Basic Environment Setup
This guide configures an x86 computer and a Lichee Pi development board so that models can run on the board's NPU or CPU.
Before a model can run on the development board, you must use an x86 machine to convert generic models such as ONNX into computation graphs and glue code that are executable on the board's CPU/NPU via the hhb tool. The glue code and related application code must then be cross-compiled into binaries for the board.
Because x86 machines generally offer higher performance—and because the hhb tool only supports the x86 architecture—an additional x86 computer is required to complete the model conversion workflow.
Development Board Setup
Lichee Pi 4A is a development board produced by Sipeed that features the TH1520 SoC. For the basic out-of-the-box setup, consult the official hardware guide. Flash RevyOS version 20250729 onto the board. See the image flashing guide for details.
Installing Basic Tools
By default, RevyOS does not include pip and several other fundamental tools, so install them first:
debian@revyos-lpi4a:~$ sudo apt install python3-pip python3-venv wget curl git # Install required packages
debian@revyos-lpi4a:~$ mkdir npu # Create a directory for the Python virtual environment
debian@revyos-lpi4a:~$ cd npu
debian@revyos-lpi4a:~/npu$ python3 -m venv .venv
debian@revyos-lpi4a:~/npu$ . .venv/bin/activate # Activate the virtual environment
(.venv) debian@revyos-lpi4a:~/npu$ # Prompt shows the active virtual environment
After activation, the shell prompt should display (.venv) to indicate the current virtual environment.
Unlike the original Yuque article, this document adds a dedicated section for virtual environments. The original guide installs packages such as shl-python system-wide, which conflicts with the system Python packages managed by apt (e.g. python3-*). Using a virtual environment isolates packages installed via pip and avoids clashes with apt. See PEP 668 for details.
Installing the SHL Library
SHL (Structure of Heterogeneous Library) is a high-performance heterogeneous computing library provided by T-Head. Its main function interfaces adopt the CSI-NN2 API for the XuanTie CPU platform and come with a collection of optimised binary libraries. Refer to the user manual for more information.

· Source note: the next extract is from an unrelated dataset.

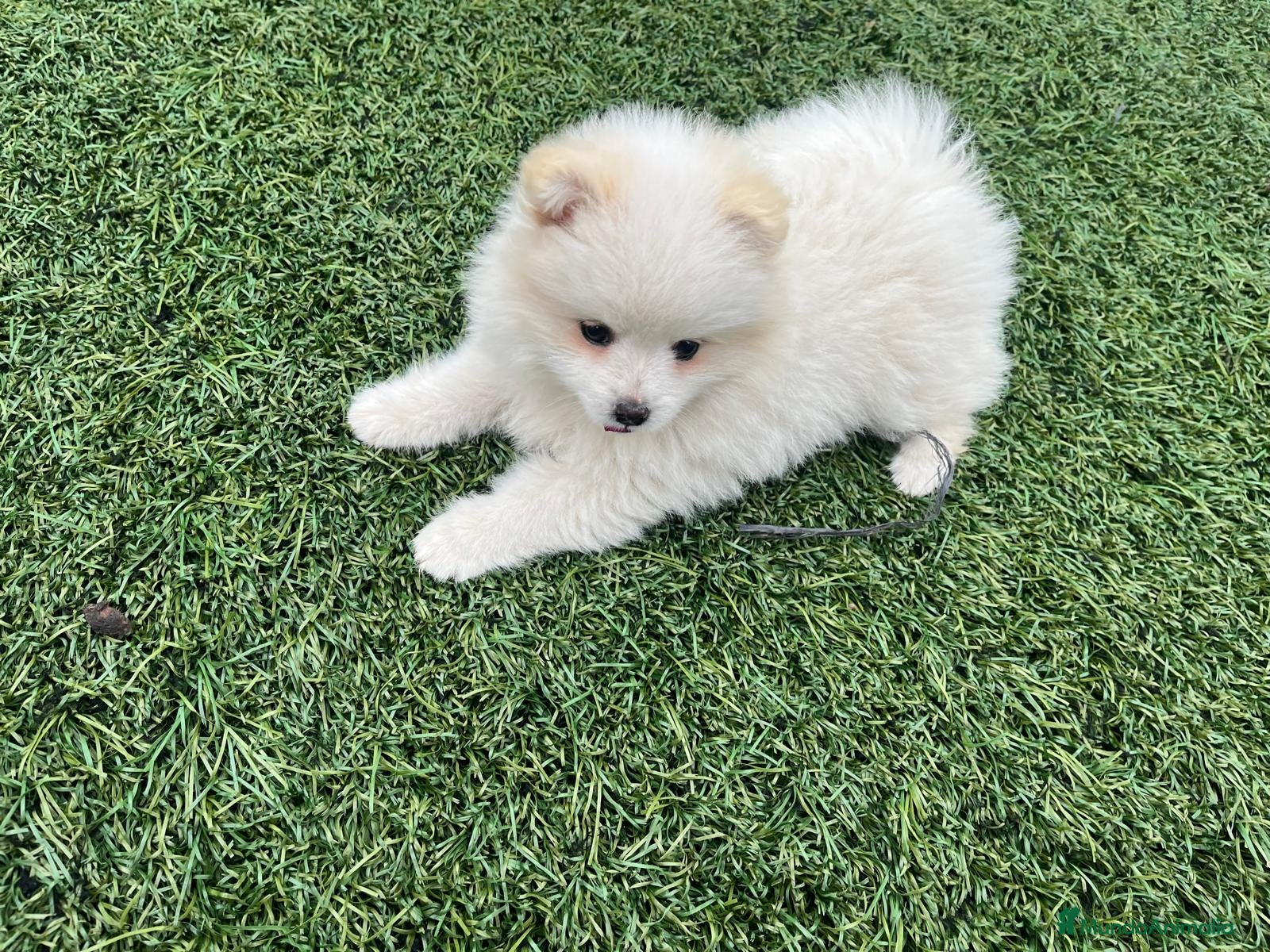 Pomerania perros Pomerania hembra - Anuncio 1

Install SHL within the virtual environment using pip:
(.venv) debian@revyos-lpi4a:~/npu$ pip3 install shl-python -i https://pypi.tuna.tsinghua.edu.cn/simple
...
Successfully installed shl-python-3.2.2
The default PyPI infrastructure is hosted overseas, which can lead to connectivity issues in mainland China. The -i argument lets you select an alternative mirror. For more instructions, see the Tsinghua University PyPI mirror guide.

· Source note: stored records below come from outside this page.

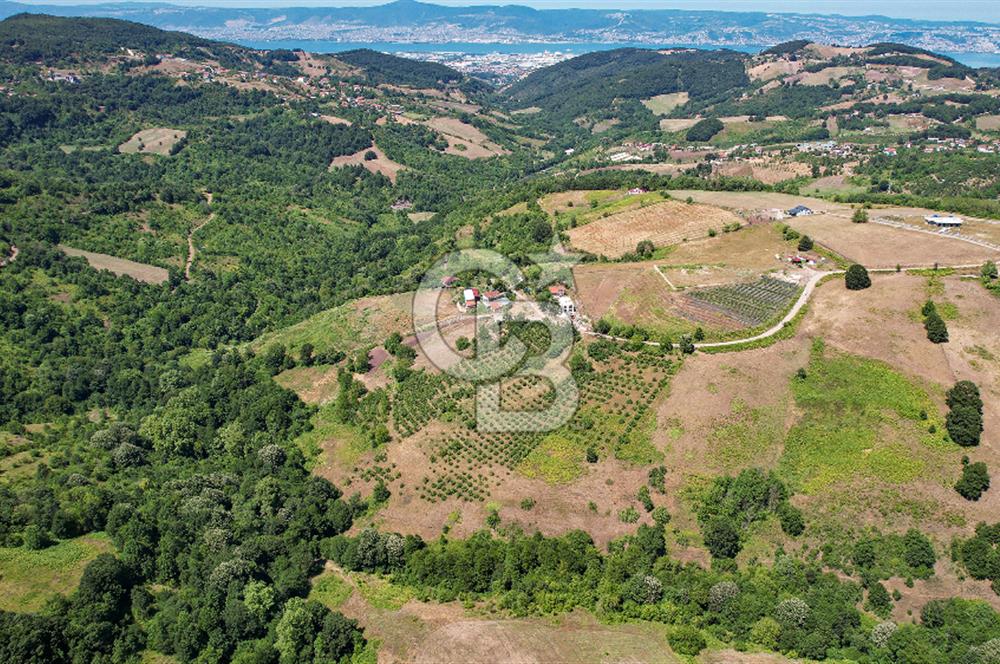 NÜZHETİYEDE DOĞA İÇİNDE 11.505 M² SATILIK EŞSİZ TARLA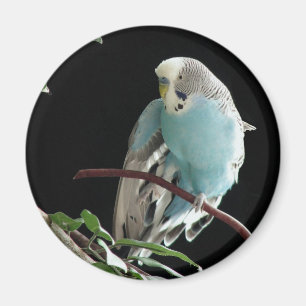Imã Sr. Jill Budgie Redondo Ímã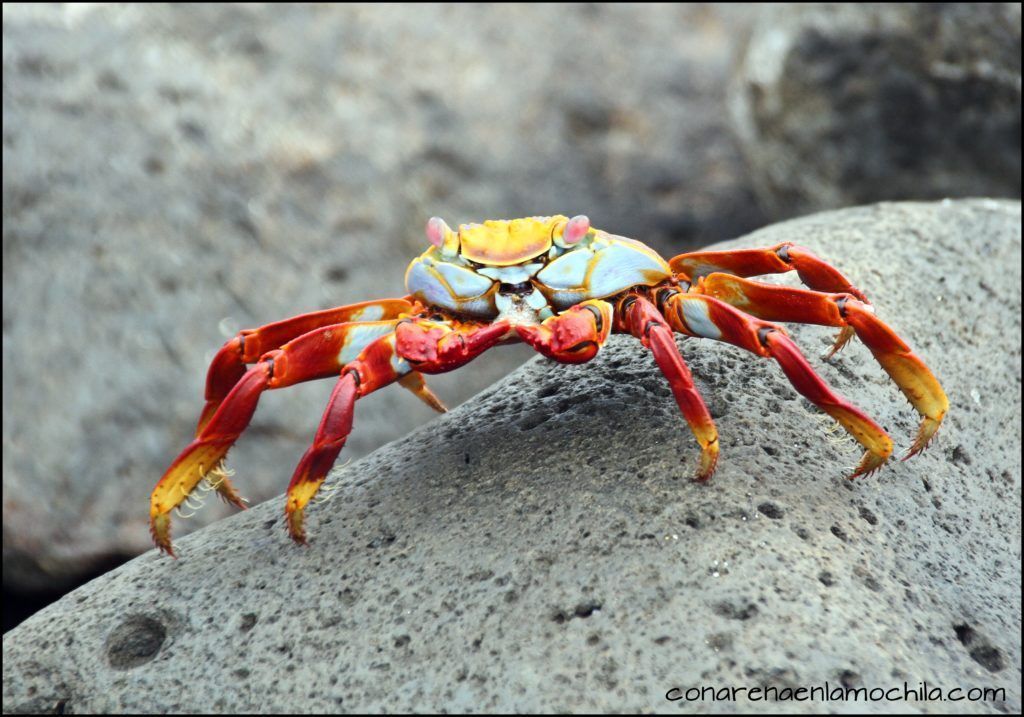 San Cristóbal Galápagos Ecuador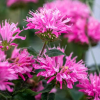 Монарда гибридная (Monarda) Пинк Фростинг С5 ГлХ/25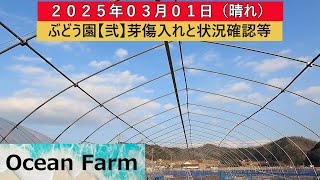 ぶどう園【弐】芽傷入れます、新規苗も植え終わりました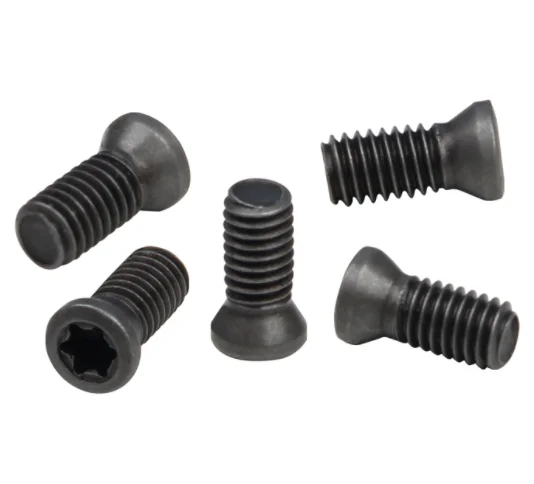 Made in China Torx Head Screw M2.5*6 torx screw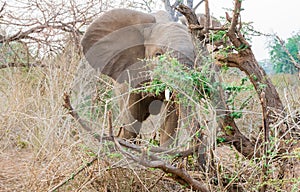 African landscape with foraging elephant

After installation, query SHL's location with the --whereis option:
- NPU
- CPU only
(.venv) debian@revyos-lpi4a:~/npu$ python3 -m shl --whereis th1520
/home/debian/npu/.venv/lib/python3.11/site-packages/shl/install_nn2/th1520
(.venv) debian@revyos-lpi4a:~/npu$ python3 -m shl --whereis c920
/home/debian/npu/.venv/lib/python3.11/site-packages/shl/install_nn2/c920
Based on the reported path (highlighted above), set the LD_LIBRARY_PATH so the dynamic linker can find SHL's libraries:
- NPU
- CPU only
$ export SHL_PATH=/home/debian/npu/.venv/lib/python3.11/site-packages/shl/install_nn2/th1520/lib # Use the path printed above
$ export SHL_PATH=/home/debian/npu/.venv/lib/python3.11/site-packages/shl/install_nn2/c920/lib # Use the path printed above
$ export LD_LIBRARY_PATH=$SHL_PATH:$LD_LIBRARY_PATH
Append the export command to ~/.bashrc or ~/.profile if you need the setting to persist.

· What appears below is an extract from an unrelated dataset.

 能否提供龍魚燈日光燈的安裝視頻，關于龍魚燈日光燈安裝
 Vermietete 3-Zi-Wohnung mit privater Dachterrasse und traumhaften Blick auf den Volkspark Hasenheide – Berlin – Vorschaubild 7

Installing HHB-onnxruntime
HHB-onnxruntime integrates the SHL backend (execution providers), allowing onnxruntime to reuse SHL's high-performance kernels tuned for XuanTie CPUs.
- NPU
- CPU only
$ wget https://github.com/zhangwm-pt/prebuilt_whl/raw/refs/heads/python3.11/numpy-1.25.0-cp311-cp311-linux_riscv64.whl
$ wget https://github.com/zhangwm-pt/onnxruntime/releases/download/riscv_whl_v2.6.0/hhb_onnxruntime_th1520-2.6.0-cp311-cp311-linux_riscv64.whl
$ pip install numpy-1.25.0-cp311-cp311-linux_riscv64.whl hhb_onnxruntime_th1520-2.6.0-cp311-cp311-linux_riscv64.whl
$ wget https://github.com/zhangwm-pt/prebuilt_whl/raw/refs/heads/python3.11/numpy-1.25.0-cp311-cp311-linux_riscv64.whl
$ wget https://github.com/zhangwm-pt/onnxruntime/releases/download/riscv_whl_v2.6.0/hhb_onnxruntime_c920-2.6.0-cp311-cp311-linux_riscv64.whl
$ pip install numpy-1.25.0-cp311-cp311-linux_riscv64.whl hhb_onnxruntime_c920-2.6.0-cp311-cp311-linux_riscv64.whl
If accessing GitHub from mainland China is slow or unreliable, consider enabling a network proxy to improve connectivity.
NPU Driver Configuration
Compared with CPU execution, NPU inference requires that the vha kernel module be loaded. Check the loaded modules with:
$ lsmod | grep vha
vha 970752 0
img_mem 827392 1 vha
If vha (highlighted above) is absent, load it manually:
$ sudo modprobe vha vha_info img_mem
Besides the kernel driver, user-space components are required. Verify that /usr/lib already contains the following libraries:
libimgdnn.solibnnasession.solibimgdnn_execute.so
These libraries are preinstalled in RevyOS, so manual installation is normally unnecessary.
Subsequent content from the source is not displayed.